Seitdem das World Wide Web unser alltäglicher Begleiter ist, lesen wir immer wieder von neuesten Zahlen im Online-Vertrieb, die mit den Verkaufszahlen des stationären Handels verglichen werden. Die Tendenz scheint klar: Der Absatz über Webshops und E-Commerce erhöht sich ständig. Lokale Geschäfte haben es schwer, sich insbesondere gegen die großen Anbieter aus dem Internet zu behaupten. Die stationären Geschäfte sehen sich zunehmend mit der Herausforderung konfrontiert, ihren potenziellen Kunden möglichst rasch ein attraktives Bild über das Sortiment zu verschaffen und gleichzeitig Kaufanreize im Ladengeschäft zu generieren. Denn der Preis ist nicht alles!
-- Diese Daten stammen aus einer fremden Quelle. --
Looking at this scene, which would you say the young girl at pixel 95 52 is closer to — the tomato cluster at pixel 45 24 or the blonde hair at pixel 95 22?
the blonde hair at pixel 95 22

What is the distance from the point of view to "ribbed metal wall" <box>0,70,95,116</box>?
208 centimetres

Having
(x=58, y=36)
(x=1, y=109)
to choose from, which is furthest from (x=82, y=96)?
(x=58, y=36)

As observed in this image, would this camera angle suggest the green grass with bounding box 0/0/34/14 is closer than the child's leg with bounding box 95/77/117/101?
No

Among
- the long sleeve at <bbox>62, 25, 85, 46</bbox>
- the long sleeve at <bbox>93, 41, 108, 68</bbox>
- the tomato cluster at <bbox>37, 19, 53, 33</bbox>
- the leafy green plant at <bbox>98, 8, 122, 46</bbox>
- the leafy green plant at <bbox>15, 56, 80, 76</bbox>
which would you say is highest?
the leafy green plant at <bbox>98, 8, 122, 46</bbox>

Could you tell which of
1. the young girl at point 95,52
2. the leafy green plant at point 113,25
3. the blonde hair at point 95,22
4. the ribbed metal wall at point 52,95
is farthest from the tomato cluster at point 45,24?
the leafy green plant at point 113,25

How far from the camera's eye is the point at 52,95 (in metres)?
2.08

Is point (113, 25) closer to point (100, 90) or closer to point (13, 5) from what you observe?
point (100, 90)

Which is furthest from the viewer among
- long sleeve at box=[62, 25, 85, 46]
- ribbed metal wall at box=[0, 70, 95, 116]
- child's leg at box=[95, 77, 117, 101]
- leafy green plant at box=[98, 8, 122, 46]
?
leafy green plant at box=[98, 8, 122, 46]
Was wäre besser für dieses Ziel geeignet als Visual Merchandising?
Zugegeben, Visual Merchandising ist nicht unbedingt der geläufigste Begriff, der einem in Bezug auf Verkaufsförderung in den Sinn kommt. Und die Berufsbezeichnung des Visual Merchandisers ist auch verhältnismäßig jung. Doch das Prinzip, was sich hinter dieser „visuellen Absatzförderung“ verbirgt, ist bei weitem keine Innovation. Denn Gestalter für Verkaufsräume und Schaufensterdekorateure gibt es schon lange. Auch die Erkenntnis, dass die Präsentation von Waren einen Einfluss auf die Kaufentscheidung eines Kunden haben kann, ist nicht wirklich neu. Doch Visual Merchandising geht einen Schritt weiter und verbindet die Marke und ihr Konzept mit dem Erlebnis und letztendlich der Kaufentscheidung des Kunden.
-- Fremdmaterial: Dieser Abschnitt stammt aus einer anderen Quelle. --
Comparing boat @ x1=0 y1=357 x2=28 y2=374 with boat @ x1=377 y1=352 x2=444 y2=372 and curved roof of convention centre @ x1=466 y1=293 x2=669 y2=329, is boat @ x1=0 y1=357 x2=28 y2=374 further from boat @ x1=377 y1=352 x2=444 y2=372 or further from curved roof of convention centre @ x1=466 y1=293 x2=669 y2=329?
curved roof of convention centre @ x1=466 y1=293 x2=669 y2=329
Visual Merchandising: Ein kurzer Ausflug in die Wahrnehmungspsychologie
Jeder aufmerksame Konsument hat sicherlich schon einmal die folgende Erfahrung gemacht. Nach einem grundsätzlich unspektakulären Lebensmitteleinkauf ist die Anzahl der Artikel, die zu Hause aus dem Einkaufskorb geräumt wird, ungleich höher als die Anzahl der eigentlich benötigten Produkte auf dem Einkaufszettel. Woran liegt das? Sind es die Sonderangebote, ist also der Preis entscheidend? Nun, vielleicht bedingt. Viel entscheidender ist jedoch, wie wir die zusätzlich eingekauften Produkte wahrgenommen haben und was die Präsentation der Waren bei uns ausgelöst hat.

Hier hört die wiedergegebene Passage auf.